= What needs to be done =
A faithful transcript of all the lines below, with no pictures, is the goal here.

Data items:
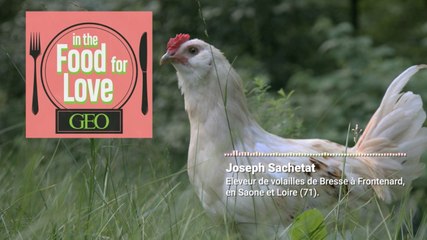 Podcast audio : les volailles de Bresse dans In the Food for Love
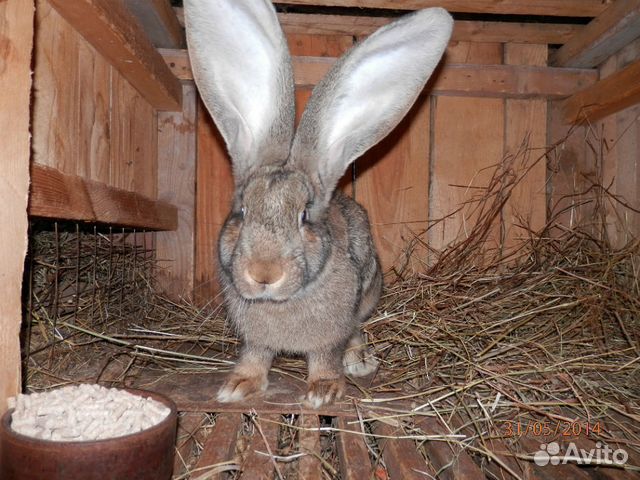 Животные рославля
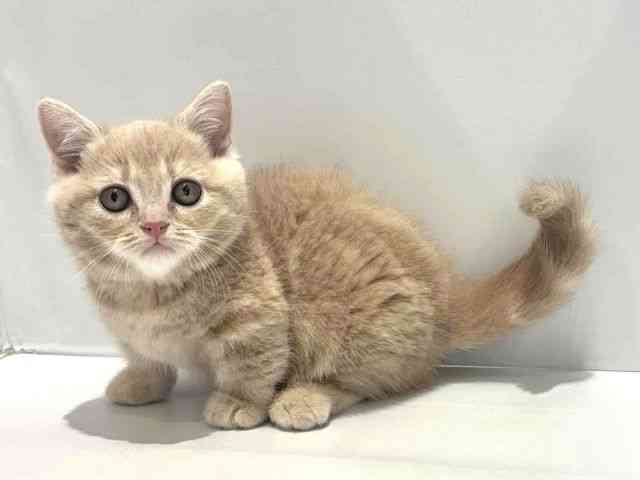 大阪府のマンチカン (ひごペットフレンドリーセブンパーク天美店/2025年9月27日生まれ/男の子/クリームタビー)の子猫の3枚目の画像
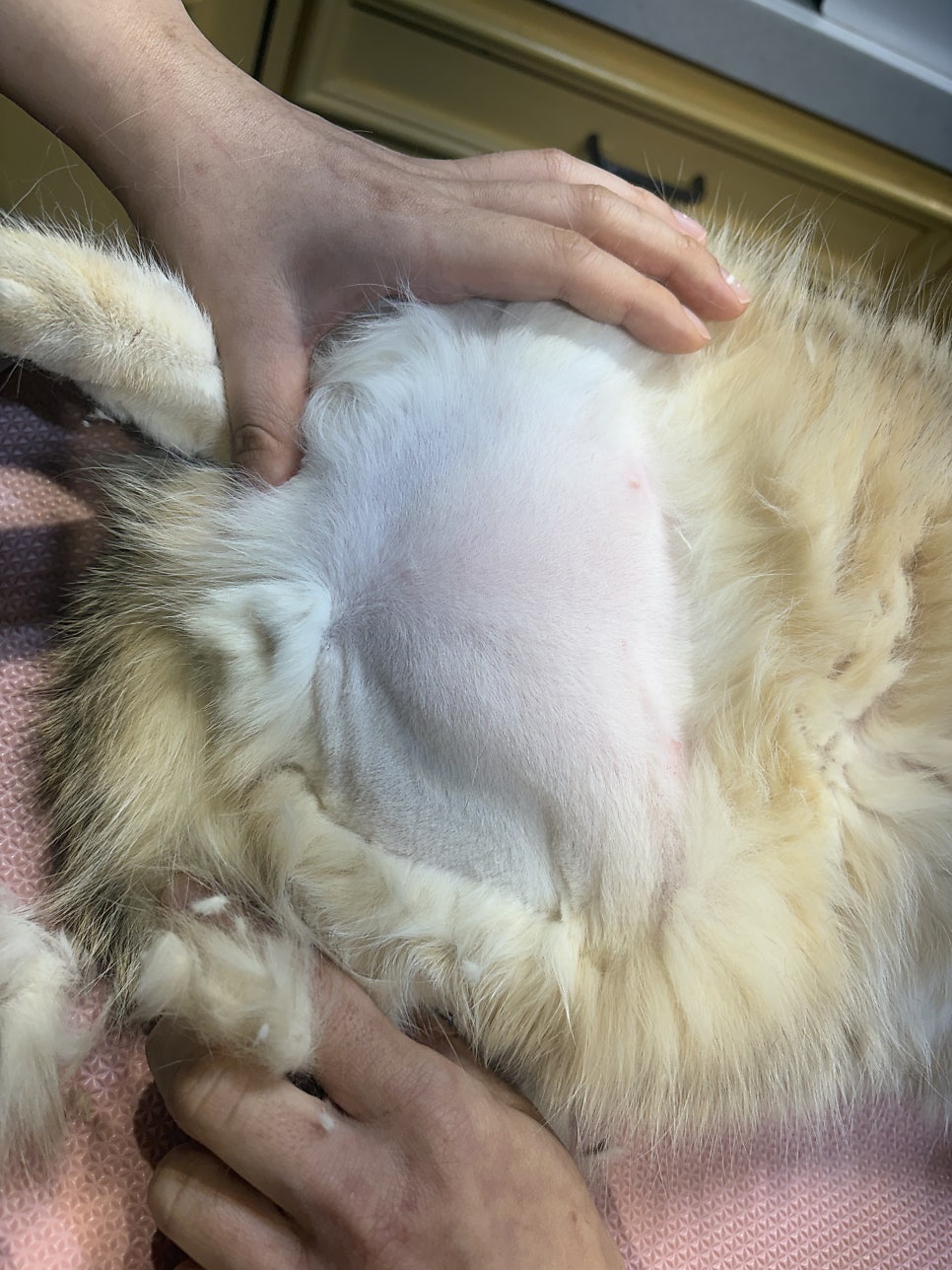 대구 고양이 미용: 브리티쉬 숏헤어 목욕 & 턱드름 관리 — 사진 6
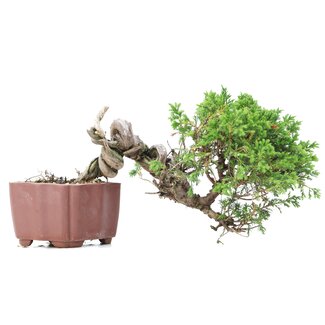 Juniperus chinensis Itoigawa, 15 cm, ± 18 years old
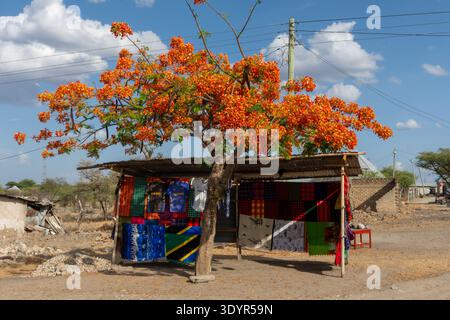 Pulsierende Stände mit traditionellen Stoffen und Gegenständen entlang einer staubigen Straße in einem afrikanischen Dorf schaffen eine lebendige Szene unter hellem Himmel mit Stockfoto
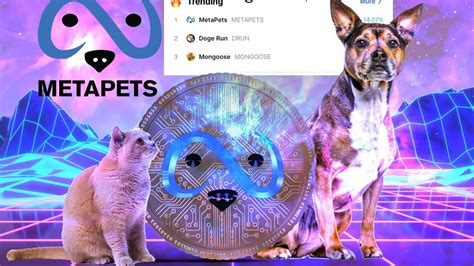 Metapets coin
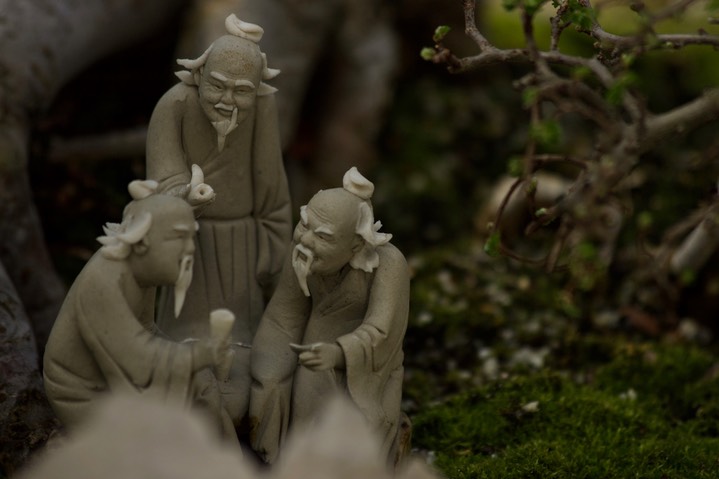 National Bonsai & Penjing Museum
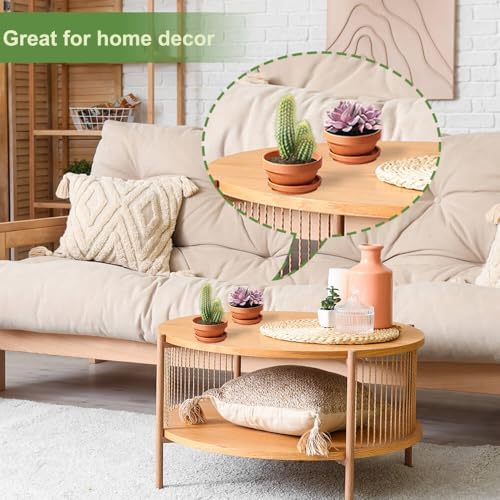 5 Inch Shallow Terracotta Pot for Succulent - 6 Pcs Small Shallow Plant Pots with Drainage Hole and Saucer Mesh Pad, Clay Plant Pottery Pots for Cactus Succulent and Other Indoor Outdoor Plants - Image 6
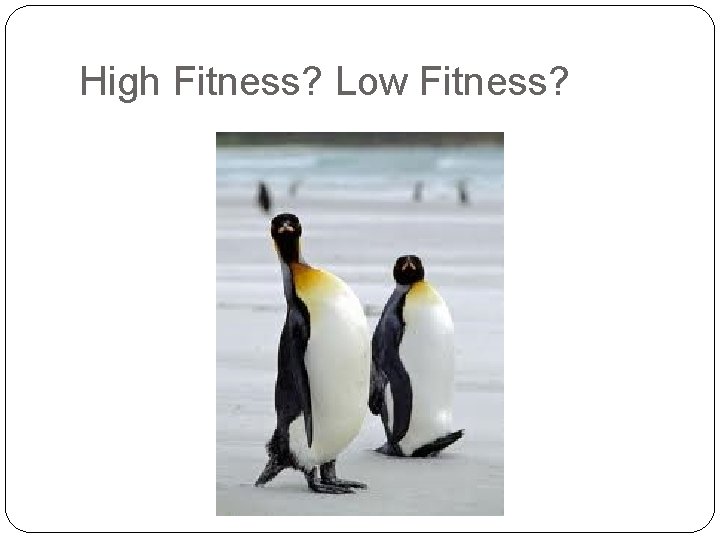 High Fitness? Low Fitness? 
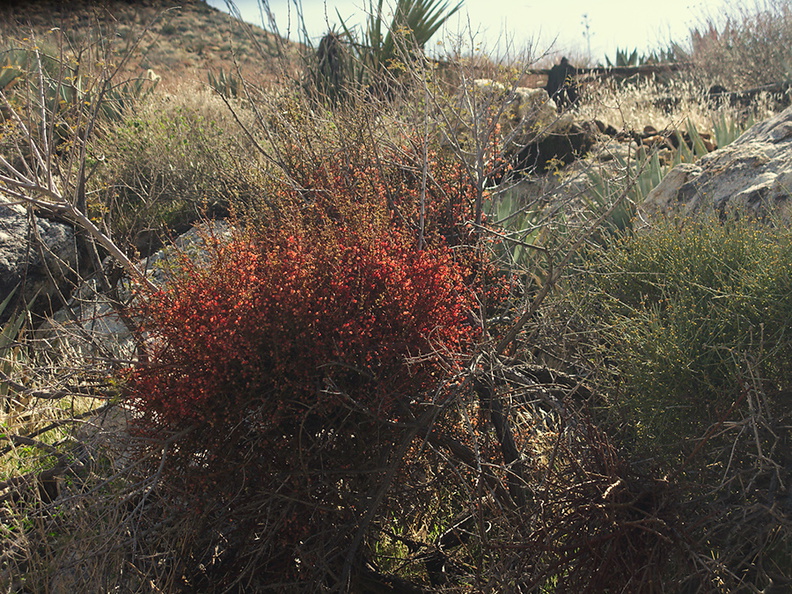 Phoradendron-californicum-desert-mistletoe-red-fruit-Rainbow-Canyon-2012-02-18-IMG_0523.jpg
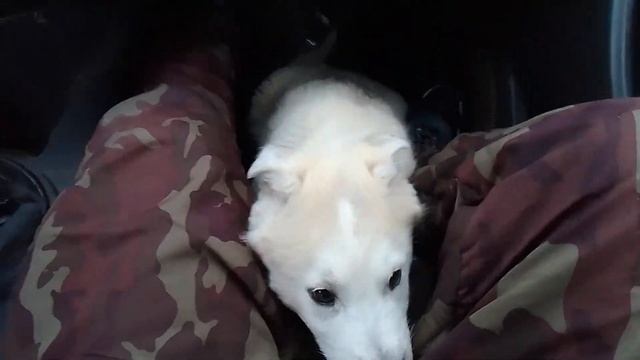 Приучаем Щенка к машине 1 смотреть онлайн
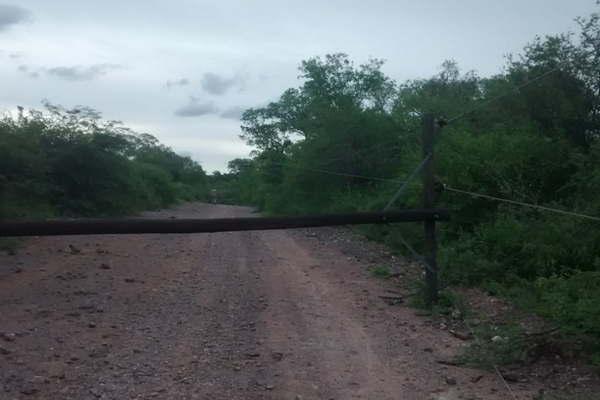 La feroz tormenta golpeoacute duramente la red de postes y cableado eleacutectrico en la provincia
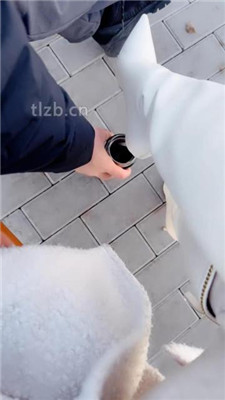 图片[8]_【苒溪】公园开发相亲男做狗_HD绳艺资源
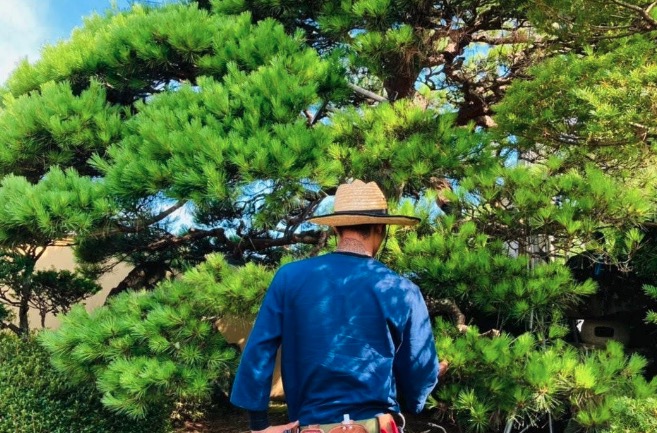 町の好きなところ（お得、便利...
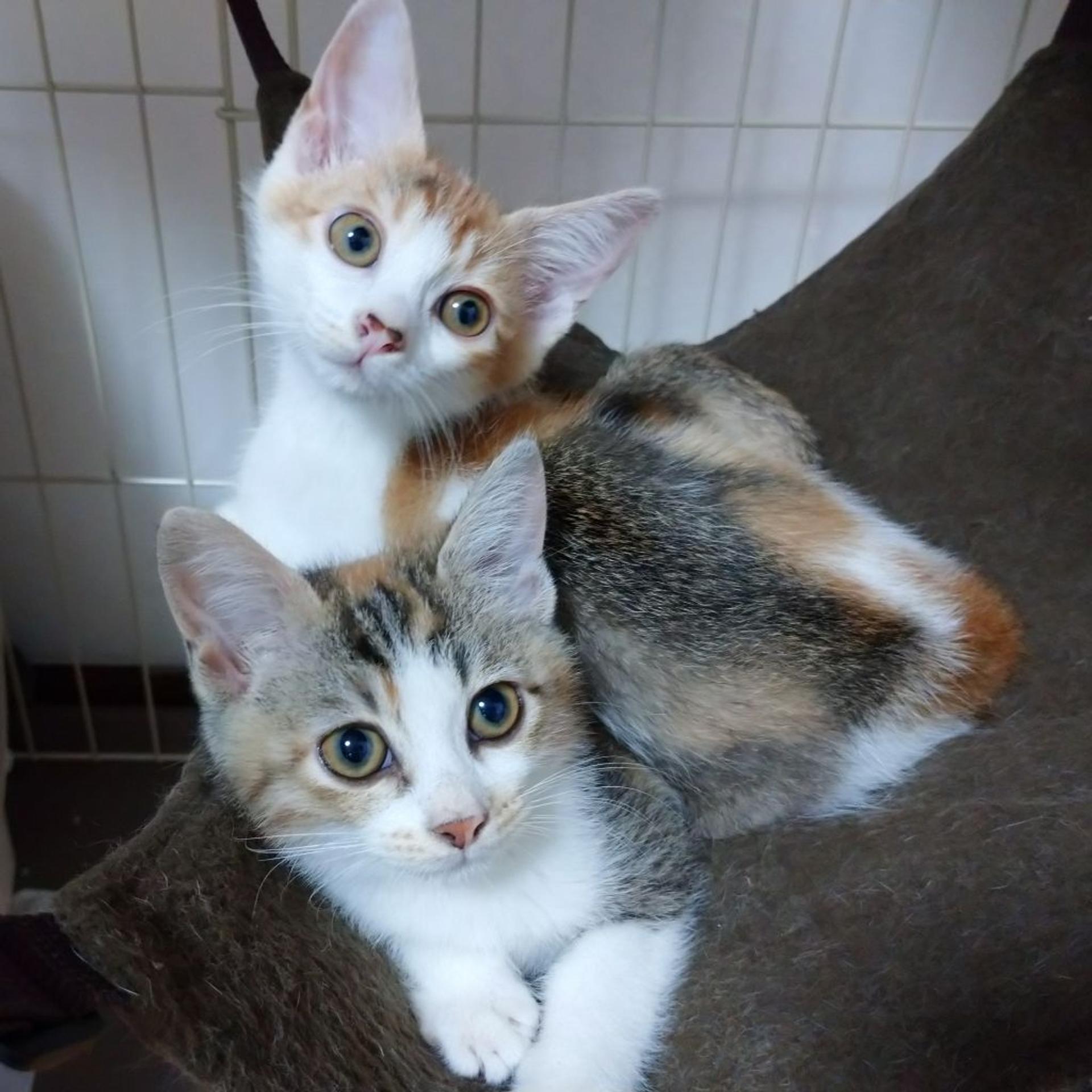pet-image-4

= Answer to this problem =
 Podcast audio : les volailles de Bresse dans In the Food for Love
 Животные рославля
 大阪府のマンチカン (ひごペットフレンドリーセブンパーク天美店/2025年9月27日生まれ/男の子/クリームタビー)の子猫の3枚目の画像
 대구 고양이 미용: 브리티쉬 숏헤어 목욕 & 턱드름 관리 — 사진 6
 Juniperus chinensis Itoigawa, 15 cm, ± 18 years old
 Pulsierende Stände mit traditionellen Stoffen und Gegenständen entlang einer staubigen Straße in einem afrikanischen Dorf schaffen eine lebendige Szene unter hellem Himmel mit Stockfoto
 Metapets coin
 National Bonsai & Penjing Museum
 5 Inch Shallow Terracotta Pot for Succulent - 6 Pcs Small Shallow Plant Pots with Drainage Hole and Saucer Mesh Pad, Clay Plant Pottery Pots for Cactus Succulent and Other Indoor Outdoor Plants - Image 6
 High Fitness? Low Fitness? 
 Phoradendron-californicum-desert-mistletoe-red-fruit-Rainbow-Canyon-2012-02-18-IMG_0523.jpg
 Приучаем Щенка к машине 1 смотреть онлайн
 La feroz tormenta golpeoacute duramente la red de postes y cableado eleacutectrico en la provincia
 图片[8]_【苒溪】公园开发相亲男做狗_HD绳艺资源
 町の好きなところ（お得、便利...
pet-image-4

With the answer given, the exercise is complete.